Wednesday, October 27, 2010

Mexican gray wolf found dead in NM; 4th this year

By SUE MAJOR HOLMES / Associated Press

ALBUQUERQUE - Another Mexican gray wolf has been found dead in southwestern New Mexico, dealing a further setback to a struggling program to reintroduce the endangered animals along the Arizona-New Mexico border.

The female wolf was found dead on Oct. 12 in Sierra County. It was the fourth wolf found dead since June.

A spokesman for the U.S. Fish and Wildlife Service in Albuquerque, Tom Buckley, said the wolf's body was sent to the agency's forensics laboratory in Ashland, Ore., to find out what killed the animal.

The male wolf that had been traveling with her has not been spotted, but Buckley said there's no reason to believe something happened to him.

He said there had been no mortality signal from the male wolf's radio collar. The signal is set off when an animal does not move for a set time.

The two animals, known as Morgart's Pack, were in the Gila National Forest in September, according to the program's monthly update.

Government agencies began reintroducing Mexican gray wolves into the wild in the two states in 1998. Biologists had predicted a self-sustaining wild population of 100 wolves before now, but a count early this year found 42 between the two states, down from 52 the year before.

The subspecies of the gray wolf had been exterminated in the wild by the 1930s.

Fish and Wildlife officials announced earlier this month they were postponing the release of eight wolves in Arizona's Apache National Forest until next year.

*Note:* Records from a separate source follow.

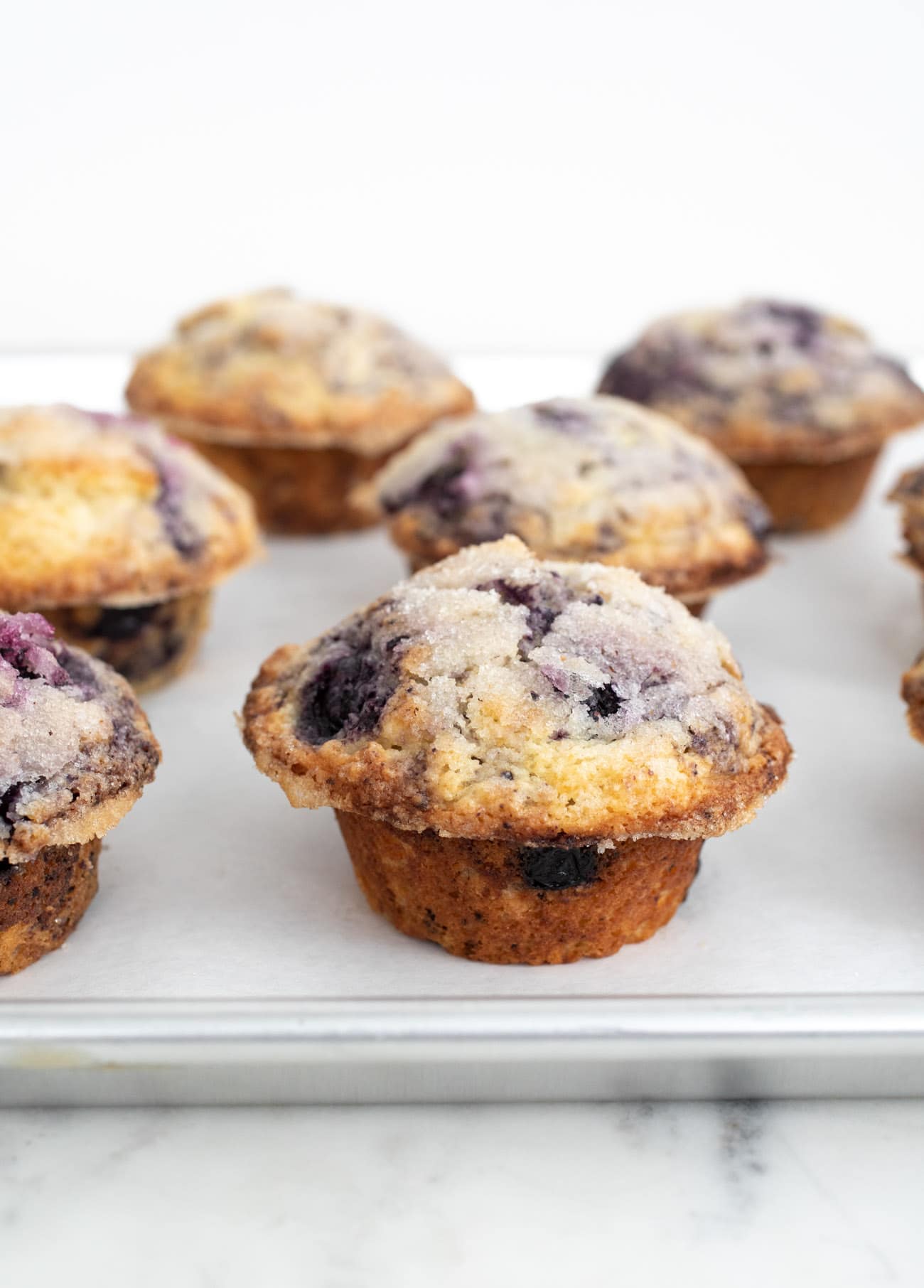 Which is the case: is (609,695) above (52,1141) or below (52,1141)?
above

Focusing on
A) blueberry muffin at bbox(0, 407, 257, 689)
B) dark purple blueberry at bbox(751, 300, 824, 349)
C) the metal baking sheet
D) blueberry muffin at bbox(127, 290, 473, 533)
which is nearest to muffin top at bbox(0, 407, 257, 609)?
blueberry muffin at bbox(0, 407, 257, 689)

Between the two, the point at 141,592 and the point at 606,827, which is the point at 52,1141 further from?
the point at 141,592

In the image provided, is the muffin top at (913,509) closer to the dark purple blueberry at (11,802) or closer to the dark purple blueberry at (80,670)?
the dark purple blueberry at (80,670)

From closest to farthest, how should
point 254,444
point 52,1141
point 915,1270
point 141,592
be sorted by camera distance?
point 915,1270, point 52,1141, point 141,592, point 254,444

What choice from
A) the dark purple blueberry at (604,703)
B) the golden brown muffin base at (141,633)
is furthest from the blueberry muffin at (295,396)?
the dark purple blueberry at (604,703)

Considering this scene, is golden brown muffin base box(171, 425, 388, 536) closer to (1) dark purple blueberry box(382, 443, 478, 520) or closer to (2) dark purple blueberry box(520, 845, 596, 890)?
(1) dark purple blueberry box(382, 443, 478, 520)

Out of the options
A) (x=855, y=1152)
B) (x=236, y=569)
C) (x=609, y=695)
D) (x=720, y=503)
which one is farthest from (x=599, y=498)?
(x=855, y=1152) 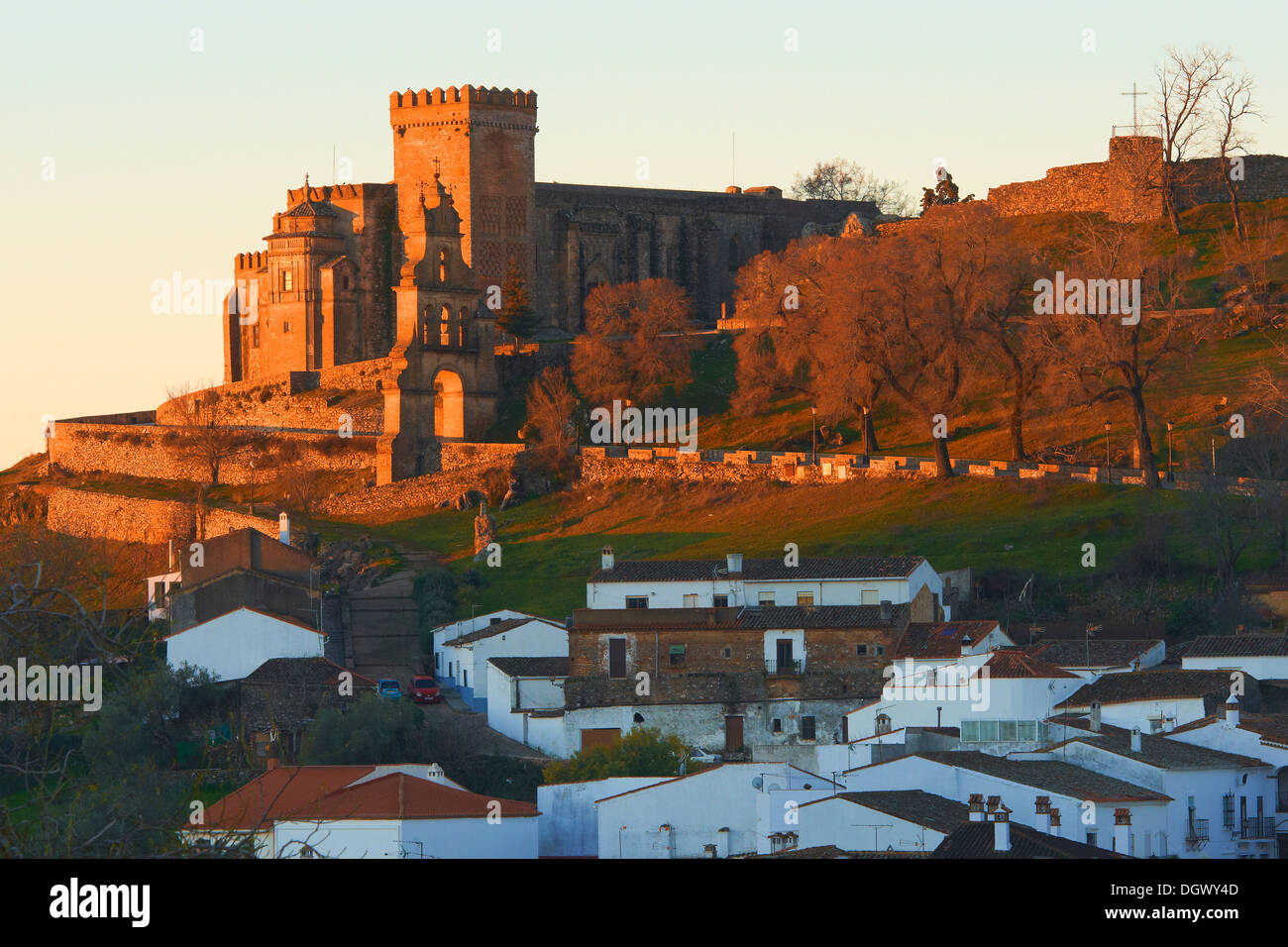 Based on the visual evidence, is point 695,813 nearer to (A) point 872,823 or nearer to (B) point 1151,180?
(A) point 872,823

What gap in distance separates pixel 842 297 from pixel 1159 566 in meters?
16.7

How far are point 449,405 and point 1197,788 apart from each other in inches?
1900

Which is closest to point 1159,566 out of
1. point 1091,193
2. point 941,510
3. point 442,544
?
point 941,510

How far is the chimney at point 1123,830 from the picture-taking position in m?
30.7

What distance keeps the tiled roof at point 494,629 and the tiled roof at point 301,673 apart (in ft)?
9.38

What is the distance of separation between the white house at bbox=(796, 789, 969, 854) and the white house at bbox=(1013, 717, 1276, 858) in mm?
3826

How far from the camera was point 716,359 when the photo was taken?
8350cm

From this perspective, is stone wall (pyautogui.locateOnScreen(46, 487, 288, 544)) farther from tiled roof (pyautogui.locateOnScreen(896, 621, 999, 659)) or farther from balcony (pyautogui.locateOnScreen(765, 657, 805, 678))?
tiled roof (pyautogui.locateOnScreen(896, 621, 999, 659))

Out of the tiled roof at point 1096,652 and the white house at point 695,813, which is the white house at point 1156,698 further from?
the white house at point 695,813

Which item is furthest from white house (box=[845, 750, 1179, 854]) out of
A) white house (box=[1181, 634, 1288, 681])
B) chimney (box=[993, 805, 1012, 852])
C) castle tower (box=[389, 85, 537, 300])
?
castle tower (box=[389, 85, 537, 300])

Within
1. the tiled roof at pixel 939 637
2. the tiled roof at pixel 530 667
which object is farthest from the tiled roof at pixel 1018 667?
the tiled roof at pixel 530 667

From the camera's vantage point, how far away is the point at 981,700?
4034 cm

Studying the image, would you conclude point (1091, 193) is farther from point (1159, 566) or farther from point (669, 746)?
point (669, 746)

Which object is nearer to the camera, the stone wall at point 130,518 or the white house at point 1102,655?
the white house at point 1102,655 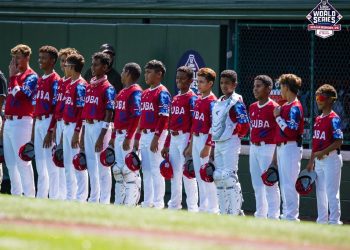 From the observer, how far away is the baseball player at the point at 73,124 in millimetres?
15617

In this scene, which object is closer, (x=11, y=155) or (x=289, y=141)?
(x=289, y=141)

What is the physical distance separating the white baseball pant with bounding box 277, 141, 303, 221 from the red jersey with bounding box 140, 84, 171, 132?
1685 millimetres

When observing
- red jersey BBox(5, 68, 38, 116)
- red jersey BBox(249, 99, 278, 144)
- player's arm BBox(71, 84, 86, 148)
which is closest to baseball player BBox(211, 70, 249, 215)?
red jersey BBox(249, 99, 278, 144)

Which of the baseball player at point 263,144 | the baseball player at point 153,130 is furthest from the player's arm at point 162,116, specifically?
the baseball player at point 263,144

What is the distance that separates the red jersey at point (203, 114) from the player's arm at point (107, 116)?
1.13m

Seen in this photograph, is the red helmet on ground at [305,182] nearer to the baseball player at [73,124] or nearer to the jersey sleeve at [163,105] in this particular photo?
the jersey sleeve at [163,105]

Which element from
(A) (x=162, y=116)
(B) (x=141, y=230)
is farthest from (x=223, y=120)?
(B) (x=141, y=230)

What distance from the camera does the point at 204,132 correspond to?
48.6 feet

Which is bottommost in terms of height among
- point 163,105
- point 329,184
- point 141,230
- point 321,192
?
point 141,230

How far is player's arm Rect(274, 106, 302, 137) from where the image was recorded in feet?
46.1

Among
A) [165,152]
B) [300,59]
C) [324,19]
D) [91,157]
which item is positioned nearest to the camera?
[165,152]

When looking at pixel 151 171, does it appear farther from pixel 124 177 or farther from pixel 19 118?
pixel 19 118

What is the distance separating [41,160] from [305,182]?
3.85 meters

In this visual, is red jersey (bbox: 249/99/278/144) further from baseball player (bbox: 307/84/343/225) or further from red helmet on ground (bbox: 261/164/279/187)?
baseball player (bbox: 307/84/343/225) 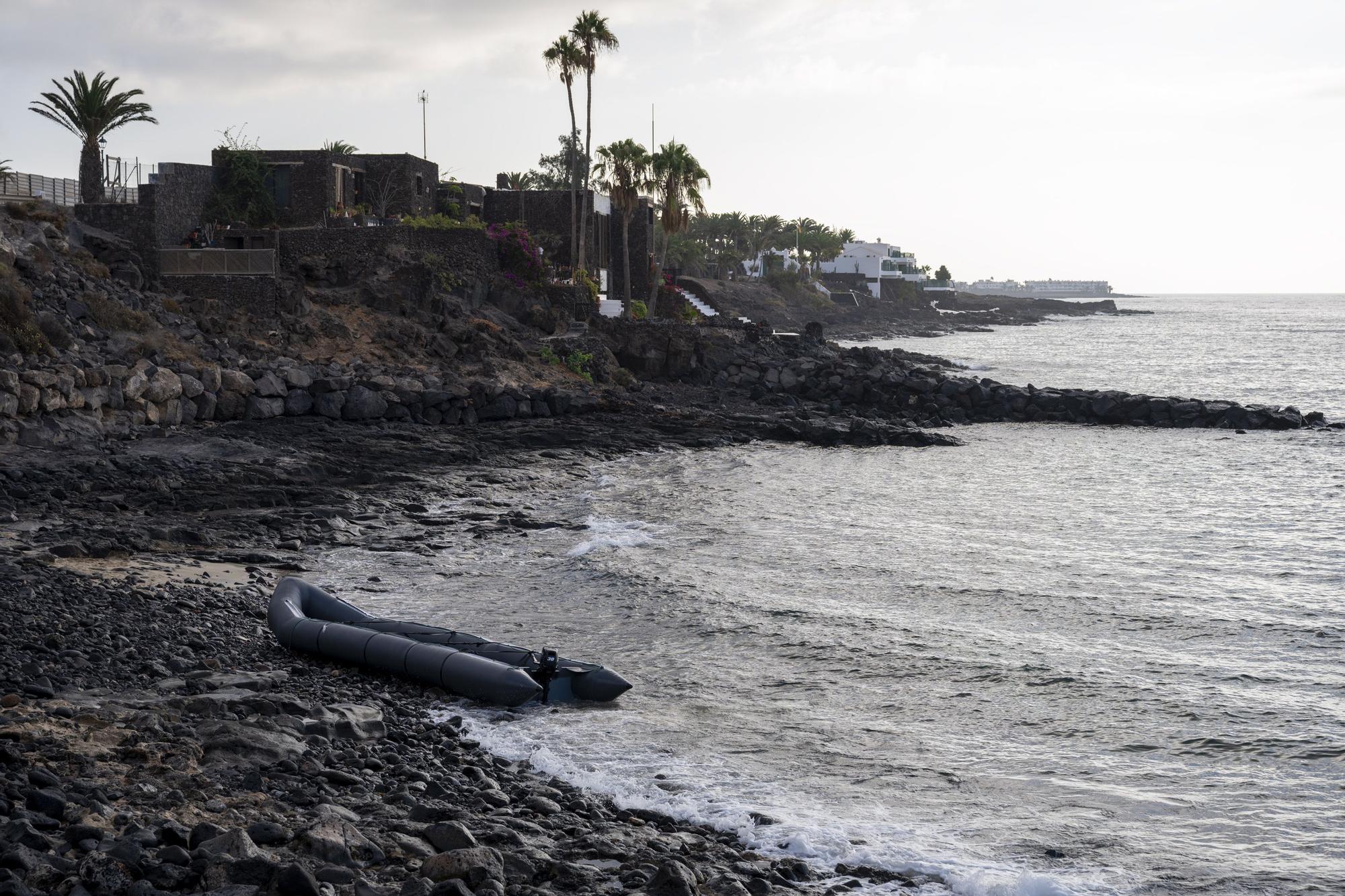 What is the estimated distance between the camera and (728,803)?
9.90m

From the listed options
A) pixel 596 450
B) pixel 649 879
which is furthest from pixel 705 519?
pixel 649 879

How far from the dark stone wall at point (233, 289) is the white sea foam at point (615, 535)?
19.4 meters

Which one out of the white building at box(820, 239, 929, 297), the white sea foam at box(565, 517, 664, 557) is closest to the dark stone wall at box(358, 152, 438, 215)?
the white sea foam at box(565, 517, 664, 557)

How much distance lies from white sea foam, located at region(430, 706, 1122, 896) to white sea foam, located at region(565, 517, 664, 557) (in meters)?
8.47

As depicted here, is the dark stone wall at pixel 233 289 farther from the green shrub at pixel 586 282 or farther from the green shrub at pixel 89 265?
the green shrub at pixel 586 282

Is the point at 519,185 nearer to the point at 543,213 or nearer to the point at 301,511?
the point at 543,213

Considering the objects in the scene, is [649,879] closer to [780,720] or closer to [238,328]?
[780,720]

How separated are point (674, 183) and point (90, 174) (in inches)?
1058

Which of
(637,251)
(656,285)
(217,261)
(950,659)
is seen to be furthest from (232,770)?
(637,251)

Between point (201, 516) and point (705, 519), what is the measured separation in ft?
→ 33.7

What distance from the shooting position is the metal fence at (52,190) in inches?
1422

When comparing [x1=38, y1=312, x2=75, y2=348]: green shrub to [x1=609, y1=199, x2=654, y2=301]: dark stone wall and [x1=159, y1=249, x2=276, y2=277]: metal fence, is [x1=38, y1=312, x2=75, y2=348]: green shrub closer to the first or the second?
[x1=159, y1=249, x2=276, y2=277]: metal fence

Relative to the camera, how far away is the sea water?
955 cm

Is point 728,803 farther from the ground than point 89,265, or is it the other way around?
point 89,265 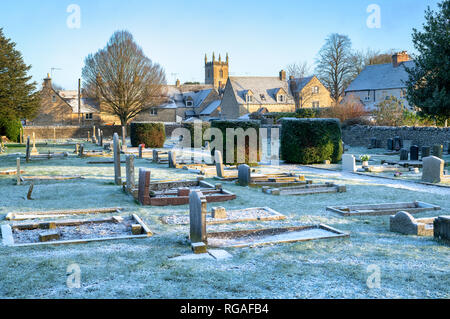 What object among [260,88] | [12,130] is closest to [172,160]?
[12,130]

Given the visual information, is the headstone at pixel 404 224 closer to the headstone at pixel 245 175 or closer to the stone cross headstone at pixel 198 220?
the stone cross headstone at pixel 198 220

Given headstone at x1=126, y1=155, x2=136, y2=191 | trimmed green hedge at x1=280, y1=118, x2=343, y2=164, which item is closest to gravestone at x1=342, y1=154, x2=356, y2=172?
trimmed green hedge at x1=280, y1=118, x2=343, y2=164

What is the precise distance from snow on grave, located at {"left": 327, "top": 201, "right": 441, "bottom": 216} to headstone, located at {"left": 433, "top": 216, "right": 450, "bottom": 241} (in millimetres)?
2361

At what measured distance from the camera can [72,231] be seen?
28.5ft

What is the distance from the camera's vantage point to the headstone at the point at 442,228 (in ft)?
24.4

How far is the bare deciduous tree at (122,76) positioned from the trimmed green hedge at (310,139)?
114ft

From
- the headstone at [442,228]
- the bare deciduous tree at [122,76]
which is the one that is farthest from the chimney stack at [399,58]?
the headstone at [442,228]

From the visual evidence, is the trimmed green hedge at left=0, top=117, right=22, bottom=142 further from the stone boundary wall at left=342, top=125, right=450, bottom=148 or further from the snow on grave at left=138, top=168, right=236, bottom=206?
the snow on grave at left=138, top=168, right=236, bottom=206

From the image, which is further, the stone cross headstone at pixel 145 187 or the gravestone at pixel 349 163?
the gravestone at pixel 349 163

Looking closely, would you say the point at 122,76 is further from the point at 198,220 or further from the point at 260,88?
the point at 198,220

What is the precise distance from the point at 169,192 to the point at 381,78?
4865cm

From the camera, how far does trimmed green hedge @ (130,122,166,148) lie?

The program originally expected to release the animals this fall, but managers decided it was not the right time for a successful release. The three other wolf deaths this year include two males from Hawks Nest Pack in eastern Arizona who were found shot to death this summer, and the alpha male of the San Mateo pack in New Mexico that was found dead in June from an undetermined cause.

In addition, the alpha male from the Paradise Pack in Arizona disappeared in April. Buckley said the program still doesn't know what happened. The federal agency, the New Mexico Department of Game and Fish, the Arizona Game and Fish Department's Operation Game Thief and private groups and individuals have offered a reward of up to $58,000 for information leading to the conviction of anyone responsible for shooting deaths of Mexican gray wolves.